I wanna be able to do deploys anytime without worrying too much about wether it'll affect user experience, and not worry too much about node failures either.

This is one of the big problems right now with jupyterhub - the proxy is going to be HA soon (tm) but the hub itself has a while to go. Would love to know what your thinking on this is!

jcrist commented 5 years ago

They don't really work in a HA configuration. A lot of the internal design is blatantly copied from JupyterHub, so we inherit JupyterHub's problems as well.

When enabled, the gateway server can be killed and restarted without losing any work - the proxies stay up and the gateway server reloads its state from the database. While the gateway server is down all existing clusters still work - users can connect to clusters and view their dashboards. They won't be able to add/remove workers or start/stop clusters until the gateway server is back up.

Since dask-gateway is designed to be run in many different environments (not just Kubernetes), whatever HA story is developed will need to not degrade performance in non HA environments, and not be Kubernetes specific.

I can see a way to make the proxies support multiple load balanced instances, but the gateway server itself contains a lot of tasks and state (background tasks tracking cluster/worker state, etc...) that I'm not sure how to handle in a multi-instance configuration. A few ideas:

I'm not familiar with common design patterns in this space, your experience and input here would be much appreciated.

mrocklin commented 5 years ago

@jcrist if we were to change dask-gateway to handle all state through the database (both writing and reading) would we then be able to achieve HA, asssuming that the database was highly available?

yuvipanda commented 5 years ago

Yup, it needs to be independent of kubernetes for sure! I was only using these as examples.

Pinging @minrk who has probably thought about this a lot!

jcrist commented 5 years ago

That's not the issue, the issue is the runtime tasks. It's not just a stateless webserver where if there are no requests incoming then nothing happens. There are a few background tasks that would need to be divided among servers - for example there are periodic process liveness checks that you wouldn't want to run multiple times. If a worker dies, we'd need to ensure only one server cleaned up its resources. A kubernetes specific solution would be easier, but this isn't a kubernetes only tool and it's important that HA work in all backends.

minrk commented 5 years ago

If it's like JupyterHub, the HA story is tough because there's quite a bit of in-memory state that's reconstructible from the database, but takes a nontrivial amount of time to do so (see issues about slow jupyterhub startup - this is basically all the work required to reconstruct in-memory state from the database).

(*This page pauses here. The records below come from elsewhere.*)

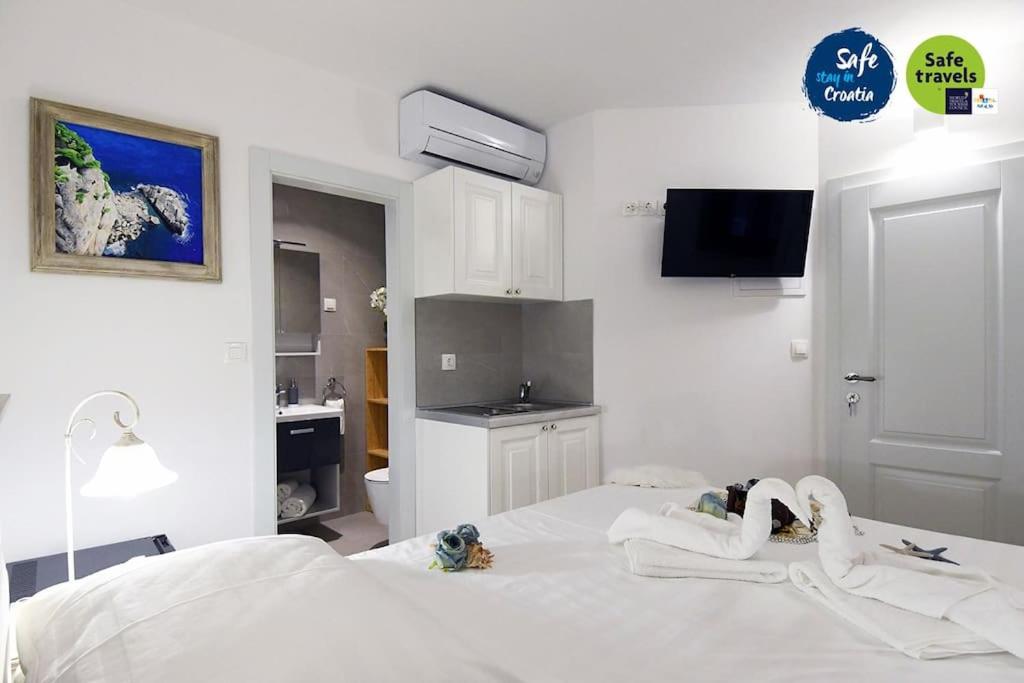 Dubrovnik Throne Suite I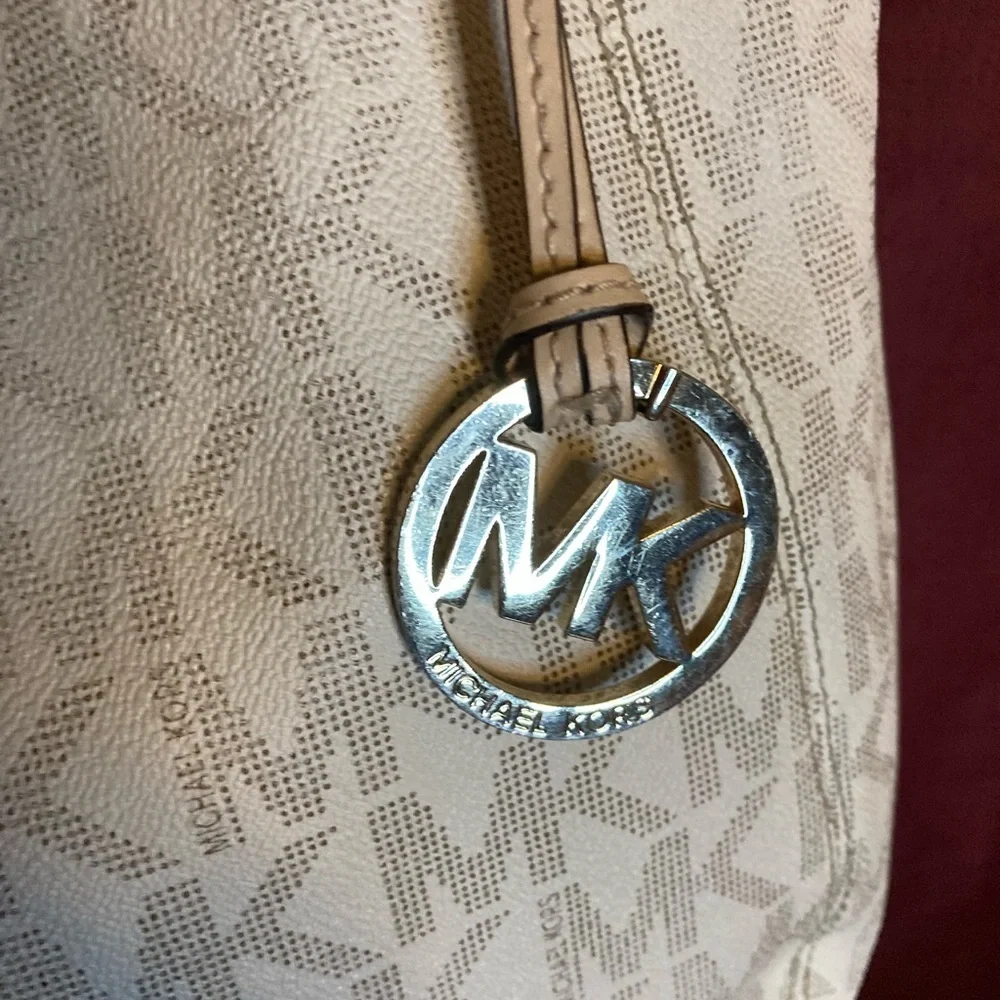 Mk Michael Kors signature logo embossed Satchel tote shoulderbag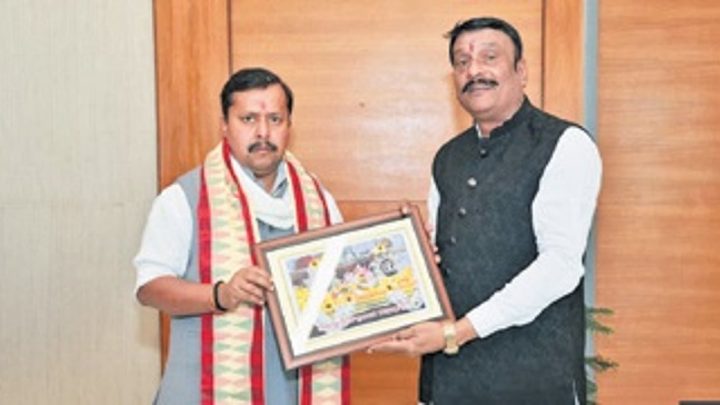 Bargarh MP seeks centre’s help for revival of cement plant as closure date nears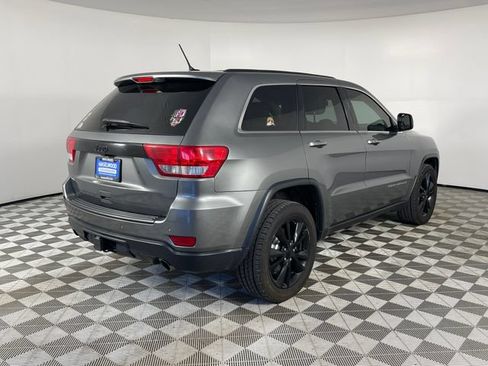 Used 2013 Jeep Grand Cherokee Altitude AWD/4WD image 18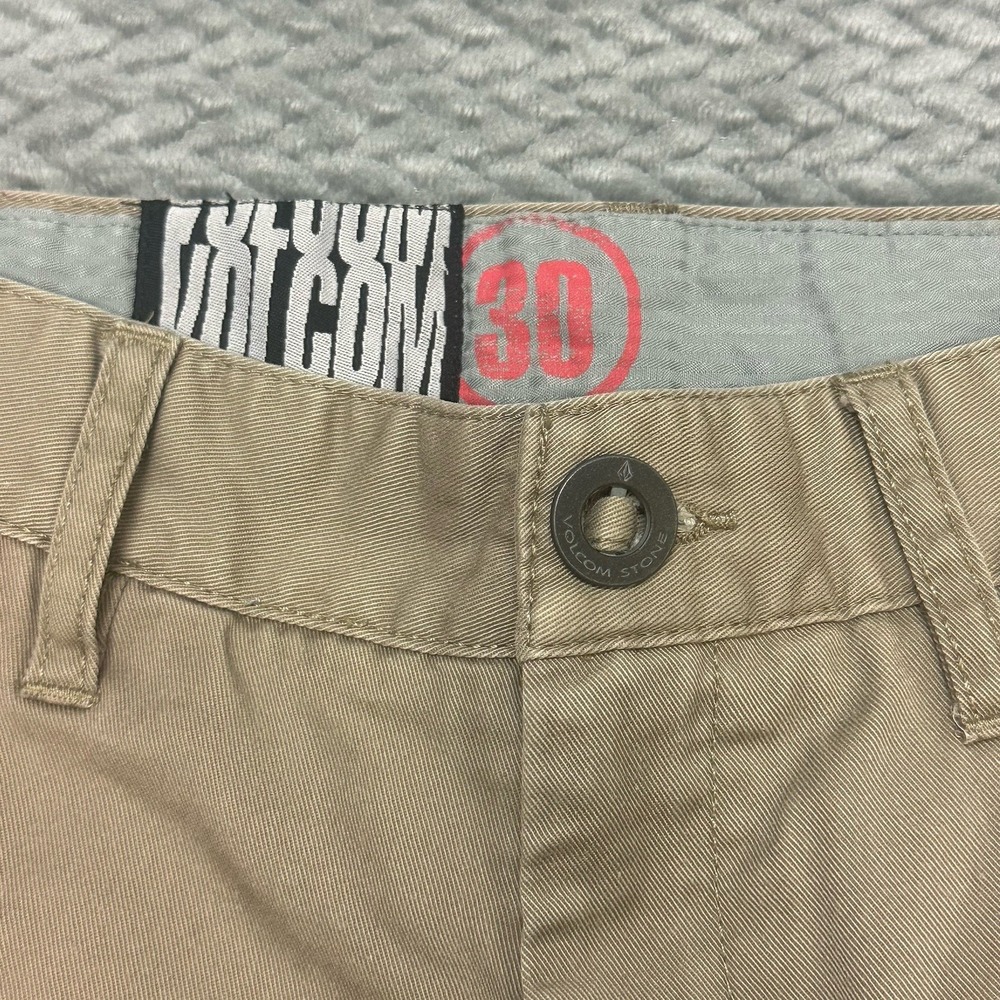 VIntage Volcom Shorts Men Size‎ 30 Chino Flat Front Skater Y2K Grunge Surf - Picture 6 of 10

The HA design discussed in JupyterHub is to make it more of a stateless server - each request gets a new db connection, makes queries, etc. The challenge here for JupyterHub is the fairly complex 'pending' state locks that prevent certain duplicate / conflicting actions in a way that's easy to reason about with coroutines ("One we start, make sure to set this flag before the first await..."). We would need to think much more carefully about a deterministic/retry-based/eventually-consistent design like you get from Kubernetes to resolve conflicts. There would also be a pretty high performance cost (I think) for the average request, since there is a hot database cache where we make optimizations specifically based on the assumption that we are the only database writer.

We could build a failover-type model, where there is a "hot spare" ready to go that is waiting to load state from the database until it receives a signal. This would reduce transition downtime to exclude the latency associated with starting a process (pod scheduling, etc.), but not to zero, but be a much simpler modification, since it is only a change to process startup and not a change to runtime logic at all (it could even be container-level startup hook without modifying the application at all).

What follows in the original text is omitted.